Isn’t it the first part to check that source and the object in collection have the same key? If they do second step is to check that the values related to keys match.

Right, and that part checks if the first collection object has the key

Right, which brings us to here

How did you get the value associated with the key for the first object in the collection? Finding the value associated with the key for the source is very similar.

I actually don’t know how to do it.

console.log(collection[0][sourceKey[0]])

gives me 1 which is the value of the key “apple” from collection, right?

I’ve tried accessing the value of source with:

console.log(source.sourceKey[0])
console.log(source.sourceKey)
console.log(source[0][sourceKey[0]])
console.log(source[0])

What is it I’m not seeing here.

How does this line work? What does each part of the syntax do?

You can’t use dot notation when the key name is stored in a variable

What is source[0]? Is source an array?

It first reads index 0 from collection array. First item is an object that has “apple”: 1 and “bat”: 2 in it from where it reads the first index being key “apple” and returns the value stored in the key “apple”.

1 Like

Which brings us back around to the question - is source on array?

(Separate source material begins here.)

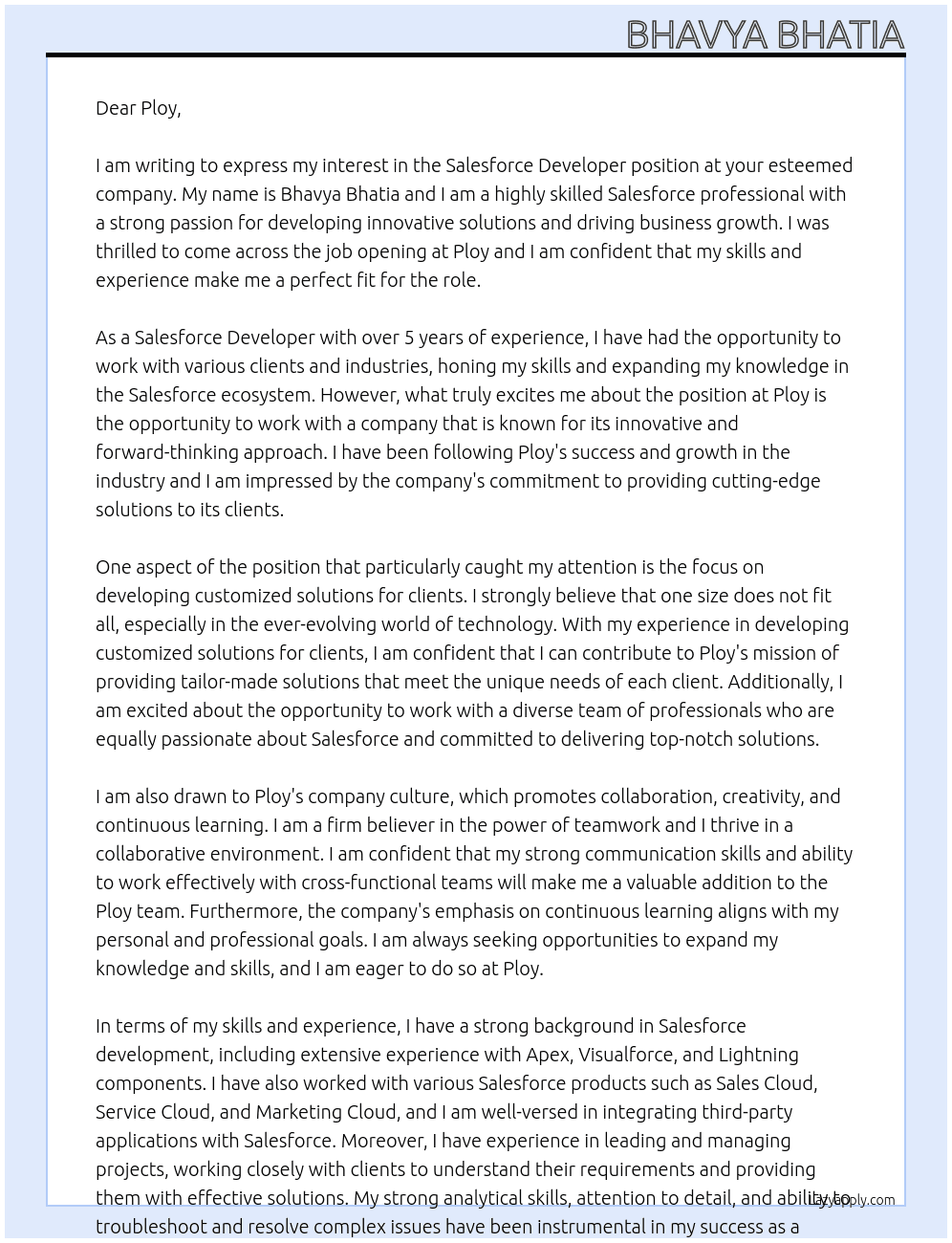 Salesforce Developer At Ploy Cover Letter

‘what type of thing is this’ is a critical piece of knowledge about every variable.

No, source isn’t an array, it’s an object.
I still don’t understand how should I access it as neither dot notation nor bracket notation can do it here.

If it isn’t an array, why the [0] here?

To access the first key:value pair as there can be infinite number of them.

That’s wdat the second [0] is for. What is the first one for?